**The problem:** If a line contains "The shop floor: rails", it is the last one to write out; begin with the first line of the records and copy each exactly.
[[ Data listing open ]]
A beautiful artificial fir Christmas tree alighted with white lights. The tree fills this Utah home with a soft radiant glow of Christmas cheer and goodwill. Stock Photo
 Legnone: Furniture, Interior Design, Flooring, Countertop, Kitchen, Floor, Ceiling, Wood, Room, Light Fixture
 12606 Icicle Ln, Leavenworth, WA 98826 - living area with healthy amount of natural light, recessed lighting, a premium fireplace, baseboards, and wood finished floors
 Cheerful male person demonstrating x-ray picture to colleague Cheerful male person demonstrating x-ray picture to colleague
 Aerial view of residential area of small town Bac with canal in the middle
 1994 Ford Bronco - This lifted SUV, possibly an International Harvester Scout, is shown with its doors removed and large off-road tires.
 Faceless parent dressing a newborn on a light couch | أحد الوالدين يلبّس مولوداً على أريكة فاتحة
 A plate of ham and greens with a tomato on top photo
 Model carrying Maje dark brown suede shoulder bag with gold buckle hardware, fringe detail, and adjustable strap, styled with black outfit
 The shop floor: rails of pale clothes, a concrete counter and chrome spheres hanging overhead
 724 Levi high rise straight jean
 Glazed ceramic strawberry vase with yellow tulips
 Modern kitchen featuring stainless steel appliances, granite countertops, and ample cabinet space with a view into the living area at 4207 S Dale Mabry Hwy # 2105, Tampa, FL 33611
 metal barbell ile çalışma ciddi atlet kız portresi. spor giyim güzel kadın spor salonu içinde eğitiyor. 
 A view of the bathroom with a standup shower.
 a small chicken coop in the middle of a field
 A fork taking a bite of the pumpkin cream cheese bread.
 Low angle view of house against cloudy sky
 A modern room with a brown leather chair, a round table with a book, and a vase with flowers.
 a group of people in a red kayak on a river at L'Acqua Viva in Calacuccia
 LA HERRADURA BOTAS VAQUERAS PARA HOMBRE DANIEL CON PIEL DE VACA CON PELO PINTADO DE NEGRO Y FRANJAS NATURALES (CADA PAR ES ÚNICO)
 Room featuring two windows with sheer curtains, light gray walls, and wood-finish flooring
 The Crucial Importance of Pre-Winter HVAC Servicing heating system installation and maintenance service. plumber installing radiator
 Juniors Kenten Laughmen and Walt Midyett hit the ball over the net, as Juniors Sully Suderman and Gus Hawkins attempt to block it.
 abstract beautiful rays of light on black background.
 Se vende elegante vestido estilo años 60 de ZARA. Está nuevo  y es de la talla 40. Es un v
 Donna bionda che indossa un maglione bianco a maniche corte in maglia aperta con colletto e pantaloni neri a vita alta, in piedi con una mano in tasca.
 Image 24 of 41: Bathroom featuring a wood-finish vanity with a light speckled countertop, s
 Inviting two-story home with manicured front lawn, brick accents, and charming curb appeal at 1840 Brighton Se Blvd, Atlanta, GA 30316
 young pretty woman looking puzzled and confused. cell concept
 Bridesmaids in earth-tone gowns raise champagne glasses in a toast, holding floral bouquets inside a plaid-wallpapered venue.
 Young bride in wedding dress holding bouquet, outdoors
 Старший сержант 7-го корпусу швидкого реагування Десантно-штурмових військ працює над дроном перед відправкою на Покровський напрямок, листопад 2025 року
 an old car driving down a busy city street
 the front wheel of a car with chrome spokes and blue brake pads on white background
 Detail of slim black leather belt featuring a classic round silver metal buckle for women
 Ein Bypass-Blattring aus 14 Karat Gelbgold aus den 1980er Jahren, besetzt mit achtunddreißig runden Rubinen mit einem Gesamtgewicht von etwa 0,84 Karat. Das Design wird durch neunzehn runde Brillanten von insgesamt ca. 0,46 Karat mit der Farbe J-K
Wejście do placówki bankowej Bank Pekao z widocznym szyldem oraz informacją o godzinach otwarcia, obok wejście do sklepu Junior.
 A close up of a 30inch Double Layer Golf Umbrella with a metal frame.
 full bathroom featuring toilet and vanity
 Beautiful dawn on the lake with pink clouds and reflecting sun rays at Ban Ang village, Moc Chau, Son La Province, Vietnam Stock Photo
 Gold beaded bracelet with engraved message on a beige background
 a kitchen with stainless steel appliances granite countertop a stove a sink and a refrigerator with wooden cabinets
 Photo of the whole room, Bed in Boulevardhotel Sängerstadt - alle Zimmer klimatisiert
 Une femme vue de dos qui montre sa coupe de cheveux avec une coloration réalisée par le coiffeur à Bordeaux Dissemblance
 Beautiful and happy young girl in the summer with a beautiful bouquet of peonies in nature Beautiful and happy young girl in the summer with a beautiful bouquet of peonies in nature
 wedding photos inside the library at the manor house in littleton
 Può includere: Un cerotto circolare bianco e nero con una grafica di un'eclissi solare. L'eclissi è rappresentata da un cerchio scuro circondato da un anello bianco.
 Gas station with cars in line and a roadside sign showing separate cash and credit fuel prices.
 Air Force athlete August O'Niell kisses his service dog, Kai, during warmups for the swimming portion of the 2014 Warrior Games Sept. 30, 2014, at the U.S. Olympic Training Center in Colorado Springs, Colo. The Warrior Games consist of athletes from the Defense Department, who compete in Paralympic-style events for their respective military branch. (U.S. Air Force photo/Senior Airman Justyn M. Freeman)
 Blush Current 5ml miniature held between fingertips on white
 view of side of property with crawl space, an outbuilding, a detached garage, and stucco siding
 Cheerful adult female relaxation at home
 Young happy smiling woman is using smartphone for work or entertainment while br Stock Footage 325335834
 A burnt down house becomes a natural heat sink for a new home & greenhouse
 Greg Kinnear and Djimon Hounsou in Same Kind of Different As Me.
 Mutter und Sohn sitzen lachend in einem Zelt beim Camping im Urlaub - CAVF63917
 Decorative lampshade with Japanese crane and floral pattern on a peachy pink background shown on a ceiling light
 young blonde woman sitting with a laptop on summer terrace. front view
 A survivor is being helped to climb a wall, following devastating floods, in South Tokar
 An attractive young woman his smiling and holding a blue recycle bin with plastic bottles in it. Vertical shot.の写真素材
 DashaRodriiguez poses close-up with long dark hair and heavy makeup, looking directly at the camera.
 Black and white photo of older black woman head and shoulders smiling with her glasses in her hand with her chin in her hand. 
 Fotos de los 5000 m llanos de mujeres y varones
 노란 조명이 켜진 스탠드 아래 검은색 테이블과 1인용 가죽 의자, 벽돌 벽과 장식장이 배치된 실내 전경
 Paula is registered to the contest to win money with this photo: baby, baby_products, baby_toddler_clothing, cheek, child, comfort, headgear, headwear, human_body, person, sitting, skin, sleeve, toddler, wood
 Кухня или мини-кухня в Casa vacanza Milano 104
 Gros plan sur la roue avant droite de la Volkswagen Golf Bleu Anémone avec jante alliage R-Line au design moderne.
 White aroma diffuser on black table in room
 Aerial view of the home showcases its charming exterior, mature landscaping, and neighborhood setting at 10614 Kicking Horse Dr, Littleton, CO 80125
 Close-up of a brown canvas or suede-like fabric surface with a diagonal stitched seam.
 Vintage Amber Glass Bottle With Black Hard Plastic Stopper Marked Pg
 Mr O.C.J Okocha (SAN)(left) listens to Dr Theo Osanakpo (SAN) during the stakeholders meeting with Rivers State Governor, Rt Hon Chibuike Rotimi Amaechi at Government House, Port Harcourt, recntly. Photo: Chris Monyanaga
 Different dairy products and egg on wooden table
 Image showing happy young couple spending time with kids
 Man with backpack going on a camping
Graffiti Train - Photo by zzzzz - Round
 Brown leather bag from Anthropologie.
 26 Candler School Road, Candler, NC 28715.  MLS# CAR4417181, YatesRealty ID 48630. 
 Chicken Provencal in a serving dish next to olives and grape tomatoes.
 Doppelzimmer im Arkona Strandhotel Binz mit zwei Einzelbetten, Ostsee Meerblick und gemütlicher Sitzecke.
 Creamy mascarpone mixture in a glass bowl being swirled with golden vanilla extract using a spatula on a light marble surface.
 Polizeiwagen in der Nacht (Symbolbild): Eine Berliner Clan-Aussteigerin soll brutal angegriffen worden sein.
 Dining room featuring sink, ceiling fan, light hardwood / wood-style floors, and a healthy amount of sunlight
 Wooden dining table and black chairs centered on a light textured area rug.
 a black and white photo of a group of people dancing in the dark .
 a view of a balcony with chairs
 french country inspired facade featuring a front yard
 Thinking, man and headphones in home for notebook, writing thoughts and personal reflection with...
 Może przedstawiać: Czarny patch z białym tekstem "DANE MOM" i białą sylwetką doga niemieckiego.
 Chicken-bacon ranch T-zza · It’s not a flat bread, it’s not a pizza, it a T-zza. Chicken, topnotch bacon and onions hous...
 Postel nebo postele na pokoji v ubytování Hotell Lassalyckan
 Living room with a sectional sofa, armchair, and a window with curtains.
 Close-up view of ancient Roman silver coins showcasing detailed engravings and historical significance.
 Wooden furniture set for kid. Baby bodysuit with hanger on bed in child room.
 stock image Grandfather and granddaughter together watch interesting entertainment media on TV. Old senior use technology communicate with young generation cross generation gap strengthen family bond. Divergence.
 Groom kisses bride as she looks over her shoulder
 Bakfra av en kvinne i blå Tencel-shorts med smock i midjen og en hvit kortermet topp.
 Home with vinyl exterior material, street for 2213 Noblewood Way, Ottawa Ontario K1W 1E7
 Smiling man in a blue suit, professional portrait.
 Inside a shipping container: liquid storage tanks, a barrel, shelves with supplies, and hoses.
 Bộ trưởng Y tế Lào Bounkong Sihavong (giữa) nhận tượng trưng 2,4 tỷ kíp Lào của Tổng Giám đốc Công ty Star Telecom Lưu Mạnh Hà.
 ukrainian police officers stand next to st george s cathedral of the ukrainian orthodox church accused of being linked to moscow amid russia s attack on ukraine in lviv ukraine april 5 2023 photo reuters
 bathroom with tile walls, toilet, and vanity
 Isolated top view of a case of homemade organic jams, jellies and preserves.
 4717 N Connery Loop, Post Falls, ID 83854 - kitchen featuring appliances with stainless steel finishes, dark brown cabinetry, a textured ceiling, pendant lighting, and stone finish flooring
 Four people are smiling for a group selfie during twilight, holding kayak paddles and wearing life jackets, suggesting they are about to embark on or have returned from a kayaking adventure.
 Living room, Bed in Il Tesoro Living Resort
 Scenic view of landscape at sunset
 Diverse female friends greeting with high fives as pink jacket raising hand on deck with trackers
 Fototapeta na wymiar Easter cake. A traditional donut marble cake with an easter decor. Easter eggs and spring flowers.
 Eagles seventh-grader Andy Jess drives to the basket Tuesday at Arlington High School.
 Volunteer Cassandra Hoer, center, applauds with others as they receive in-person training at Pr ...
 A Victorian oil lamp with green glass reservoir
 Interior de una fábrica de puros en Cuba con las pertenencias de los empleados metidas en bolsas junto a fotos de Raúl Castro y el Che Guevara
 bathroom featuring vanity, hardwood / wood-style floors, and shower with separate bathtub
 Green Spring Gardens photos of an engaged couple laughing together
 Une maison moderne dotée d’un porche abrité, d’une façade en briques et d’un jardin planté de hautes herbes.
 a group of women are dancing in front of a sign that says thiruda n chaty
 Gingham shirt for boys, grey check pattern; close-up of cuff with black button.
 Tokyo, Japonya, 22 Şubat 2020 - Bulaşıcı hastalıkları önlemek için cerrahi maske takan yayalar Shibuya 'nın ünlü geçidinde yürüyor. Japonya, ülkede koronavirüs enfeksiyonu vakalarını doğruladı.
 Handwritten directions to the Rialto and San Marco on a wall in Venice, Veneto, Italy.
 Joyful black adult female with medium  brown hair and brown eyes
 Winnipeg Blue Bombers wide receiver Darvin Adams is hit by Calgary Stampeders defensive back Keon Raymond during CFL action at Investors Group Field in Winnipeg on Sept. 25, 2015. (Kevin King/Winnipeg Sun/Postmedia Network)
[[ Data listing closed ]]
**Answer section:**
A beautiful artificial fir Christmas tree alighted with white lights. The tree fills this Utah home with a soft radiant glow of Christmas cheer and goodwill. Stock Photo
 Legnone: Furniture, Interior Design, Flooring, Countertop, Kitchen, Floor, Ceiling, Wood, Room, Light Fixture
 12606 Icicle Ln, Leavenworth, WA 98826 - living area with healthy amount of natural light, recessed lighting, a premium fireplace, baseboards, and wood finished floors
 Cheerful male person demonstrating x-ray picture to colleague Cheerful male person demonstrating x-ray picture to colleague
 Aerial view of residential area of small town Bac with canal in the middle
 1994 Ford Bronco - This lifted SUV, possibly an International Harvester Scout, is shown with its doors removed and large off-road tires.
 Faceless parent dressing a newborn on a light couch | أحد الوالدين يلبّس مولوداً على أريكة فاتحة
 A plate of ham and greens with a tomato on top photo
 Model carrying Maje dark brown suede shoulder bag with gold buckle hardware, fringe detail, and adjustable strap, styled with black outfit
 The shop floor: rails of pale clothes, a concrete counter and chrome spheres hanging overhead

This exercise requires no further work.